Que maravilha essa infinitude que a literatura representa, não apenas em quantidade, mas na qualidade de cada um desses livros incríveis. No aprendizado que nos proporcionam, na sabedoria que encerram!
Então, fui até a livraria cultura e comprei meu exemplar da coleção de bolso da L&PM. Que livro bem traduzido! A isso devemos agradecer
Rosaura Eichenberg. O livro é dificílimo de se traduzir, porque o autor registrou toda a linguagem muito comum na sua época entre os negros e as crianças do extrato social a que pertence Huckleberry Finn.
O garoto que dá nome ao livro é sensacional. É uma espécie de "Pedrinho" (o personagem de Monteiro Lobato) norte-americano, com a diferença que esse é uma criança literalmente sem teto e que vive a maior parte da história descendo de jangada o rio Mississippi, na companhia de um escravo negro fugitivo, seu grande amigo, entre outros personagens que vão conhecendo nesse caminho nebuloso.
Hoje, quando eu lia o livro, durante o trajeto de volta para casa, e que, aliás, estou quase terminando, por um momento, eu levantei o rosto para olhar o entorno, os demais passageiros do trem, e eu sorria. Sentia todos os músculos do meu rosto relaxados. Esse é um livro para se ler, assim, embevecido. Ele nos provoca isso mesmo.
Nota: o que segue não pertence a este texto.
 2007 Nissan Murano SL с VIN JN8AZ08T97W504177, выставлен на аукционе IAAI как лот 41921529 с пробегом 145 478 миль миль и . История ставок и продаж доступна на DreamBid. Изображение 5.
Nele, ouvimos uma criança dizendo do mundo e o que ela vê pode ser triste, por vezes, na maior parte da história o é, mas essa visão é abençoada por toda uma fantasia que a protege, que a alivia dessa mesma dureza do mundo.
O trecho que me provocou a alegria incontida, foi já perto do fim da história, quando tendo encontrado Tow Sawyer, um outro garoto da mesma idade (seu amigo e personagem do livro anterior do autor
As aventuras de Tom Sawyer [1876]), ambos estão buscando juntos libertarem Jim, o negro que fora capturado, eles estão tramando um plano para essa nova aventura. Tom Sawyer tenta convencer Finn que não devem aproveitar as facilidades, e que de fato existem para libertação de Jim, mas devem fazer como nas grandes aventuras, onde os prisioneiros cavam poços com facas, uma coisa que, no contexto em que estão, é absolutamente desnecessária! rsrsrs
Então, resolvem que podem parar de cavar com as facas e passam a usar as picaretas à disposição, fingindo que cavam com as facas, e vejam que meigo Sawyer é, ao concordar com isso, bem como Finn, o personagem narrador, ao compreender as atitudes do amigo:
-Bem - diz ele -, dá pra desculpar as picaretas e o fingimento num caso como este. Se não desse, eu não ia aprovar, nem ia ficar olhando as regras sendo quebradas... porque certo é certo, e errado é errado, e não tem essa de alguém fazer uma coisa errada quando ele não é ignorante e sabe das coisas. Dava pra ocê
cavar com uma picareta para soltar Jim, sem
fingir, porque ocê não sabia das regras, mas não dava pra mim, porque eu conheço essas coisas. Me dá uma faca de mesa.
Ele tava com a sua, mas eu entregue a minha pra ele. Ele atirou a faca no chão e disse:
- Me dá uma faca de mesa
.
Não sabia o que fazer - mas aí pense. Andei por ali, entre as velhas ferramentas, peguei uma picareta e entreguei pra ele, e ele pegou a ferramente e começou a trabalhar, sem dizer palavra.
Ele foi sempre desse jeito. Cheio de princípios.